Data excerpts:
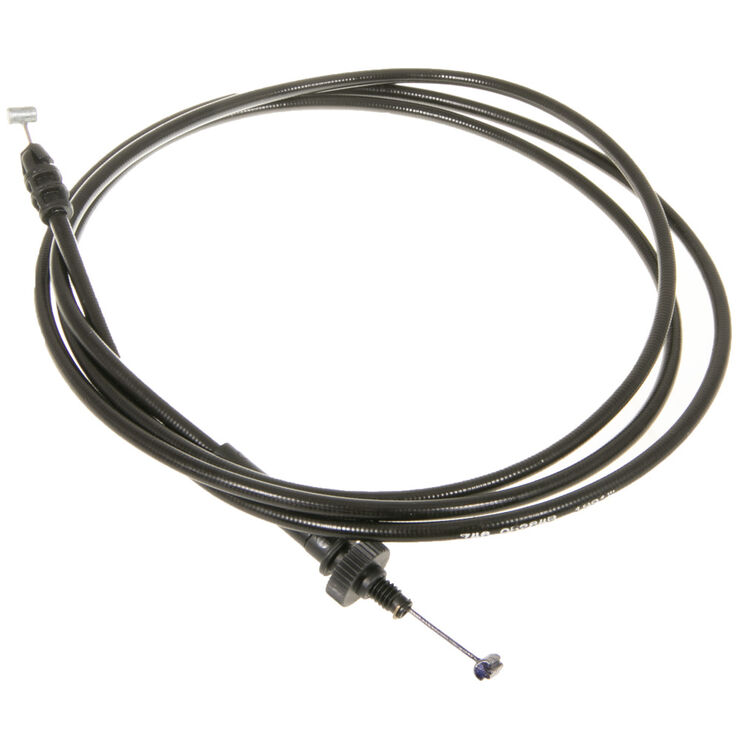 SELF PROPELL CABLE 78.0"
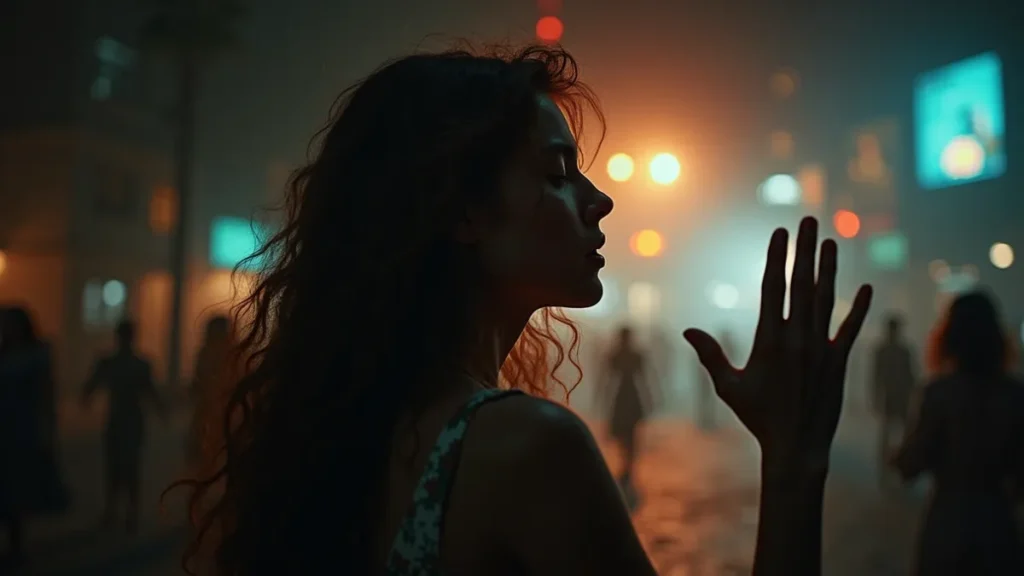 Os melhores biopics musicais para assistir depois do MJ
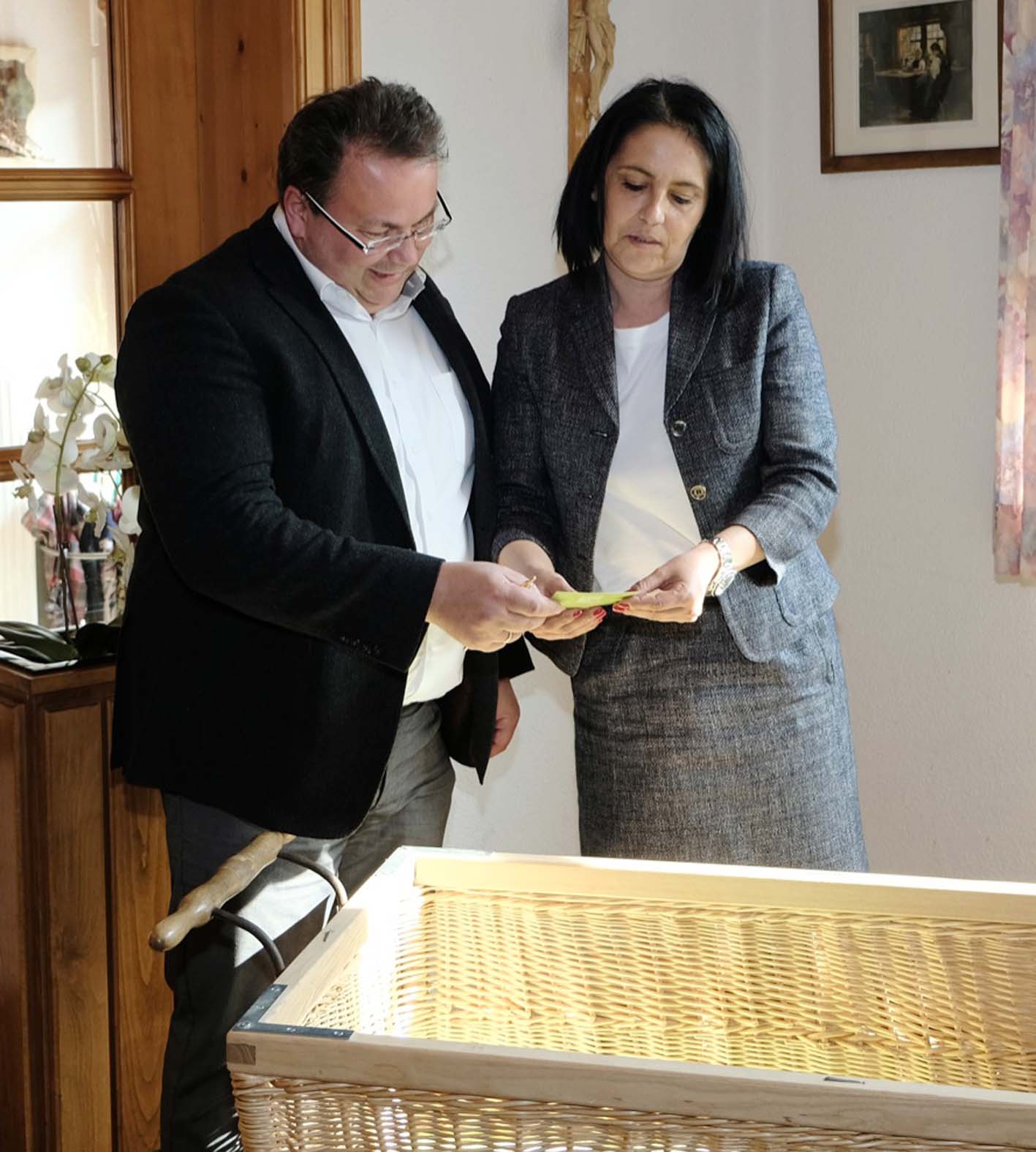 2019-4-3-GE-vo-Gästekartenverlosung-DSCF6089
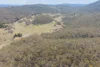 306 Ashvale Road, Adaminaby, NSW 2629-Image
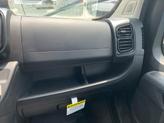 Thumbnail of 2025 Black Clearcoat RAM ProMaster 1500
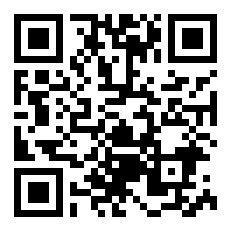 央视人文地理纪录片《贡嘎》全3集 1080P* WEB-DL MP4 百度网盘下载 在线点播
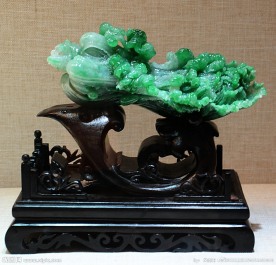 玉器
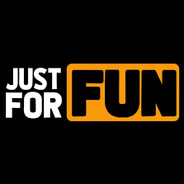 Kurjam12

---

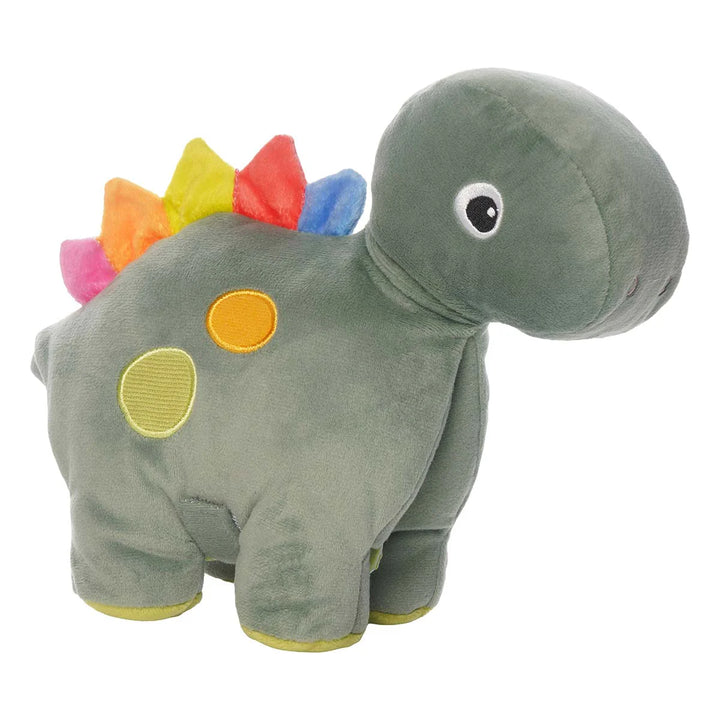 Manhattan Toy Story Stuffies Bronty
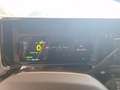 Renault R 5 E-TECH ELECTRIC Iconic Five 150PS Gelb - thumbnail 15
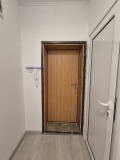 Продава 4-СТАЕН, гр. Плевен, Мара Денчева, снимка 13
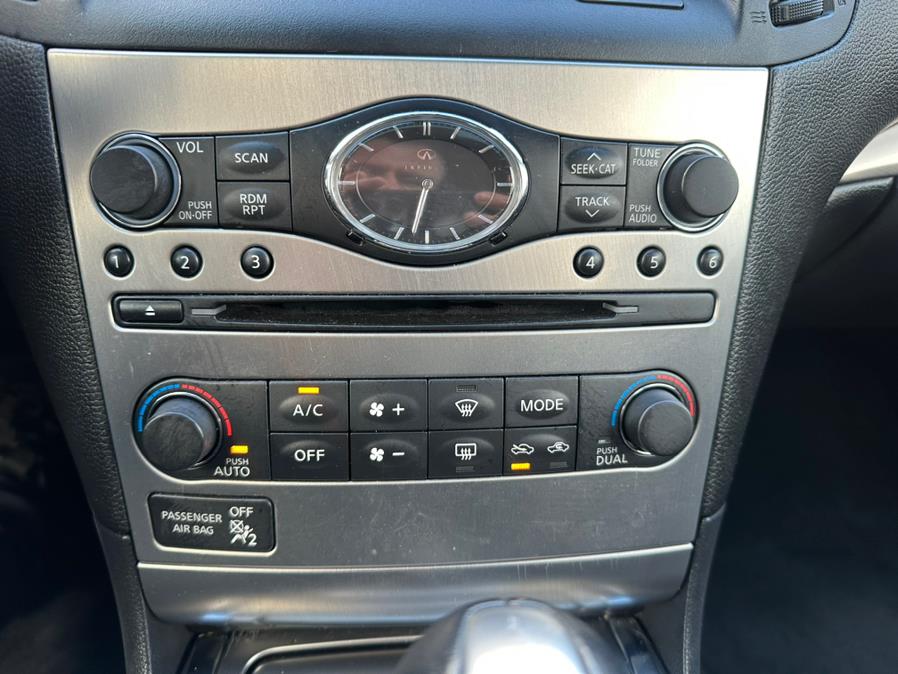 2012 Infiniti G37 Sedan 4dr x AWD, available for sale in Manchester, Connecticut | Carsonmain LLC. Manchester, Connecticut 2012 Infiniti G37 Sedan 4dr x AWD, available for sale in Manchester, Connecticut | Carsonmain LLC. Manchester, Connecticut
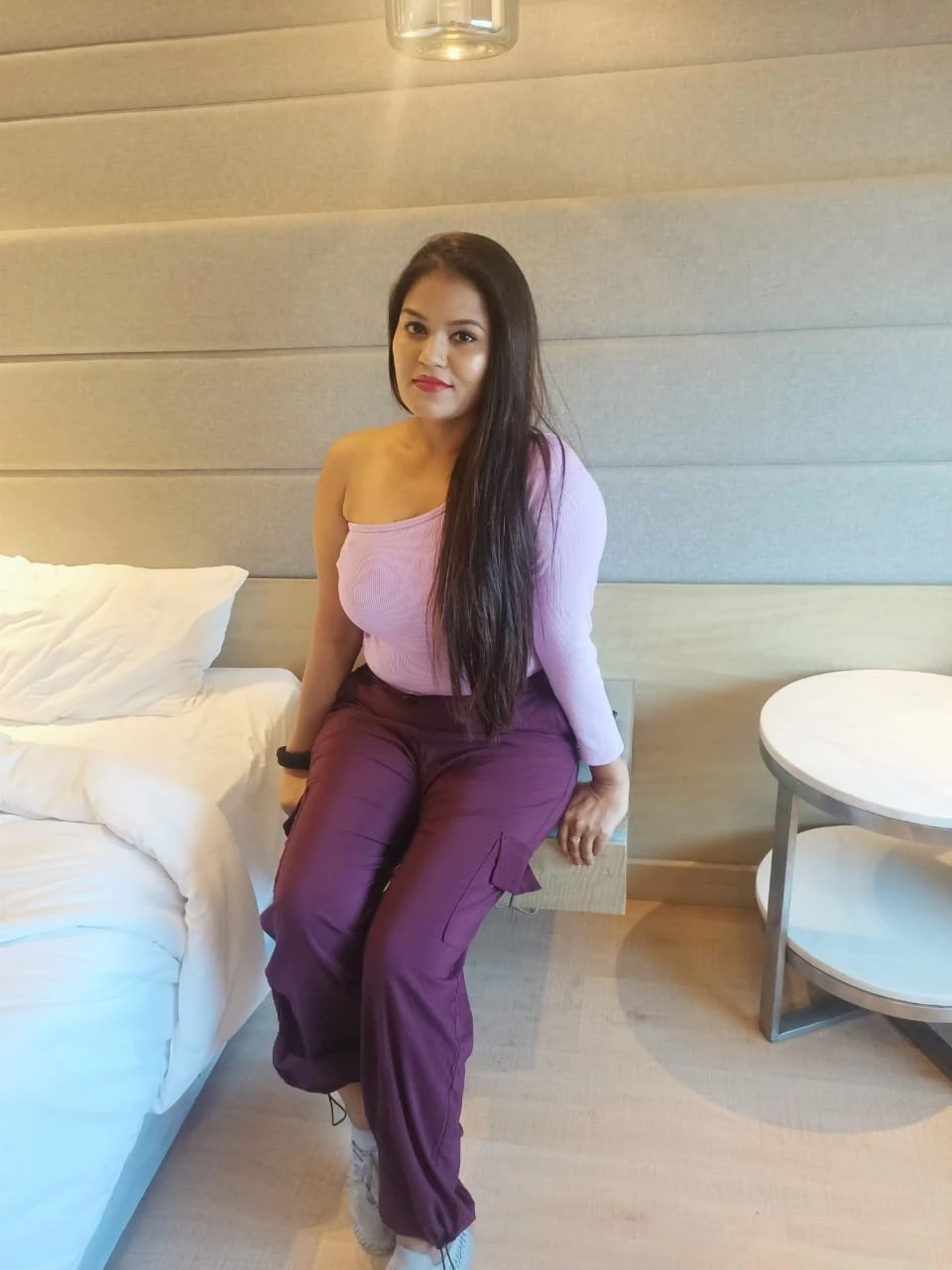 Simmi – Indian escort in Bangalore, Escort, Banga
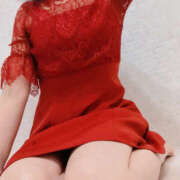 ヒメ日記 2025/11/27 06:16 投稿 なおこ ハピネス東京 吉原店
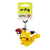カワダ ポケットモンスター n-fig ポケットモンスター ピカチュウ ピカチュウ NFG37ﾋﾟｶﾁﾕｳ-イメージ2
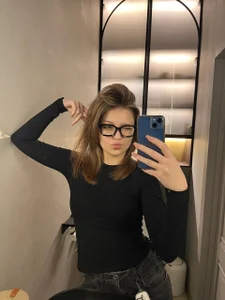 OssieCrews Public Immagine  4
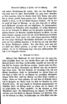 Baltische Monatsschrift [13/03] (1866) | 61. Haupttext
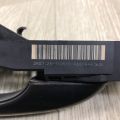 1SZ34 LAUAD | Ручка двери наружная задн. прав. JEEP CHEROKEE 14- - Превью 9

● Task
Taking the entries above, extract every line from the one bearing "ヒメ日記 2025/11/27 06:16 投稿 なおこ ハピネス東京 吉原店" through the one bearing "1SZ34 LAUAD |", exactly, with no pictures.

● Answer to this problem
 ヒメ日記 2025/11/27 06:16 投稿 なおこ ハピネス東京 吉原店
カワダ ポケットモンスター n-fig ポケットモンスター ピカチュウ ピカチュウ NFG37ﾋﾟｶﾁﾕｳ-イメージ2
 OssieCrews Public Immagine  4
 Baltische Monatsschrift [13/03] (1866) | 61. Haupttext
 1SZ34 LAUAD | Ручка двери наружная задн. прав. JEEP CHEROKEE 14- - Превью 9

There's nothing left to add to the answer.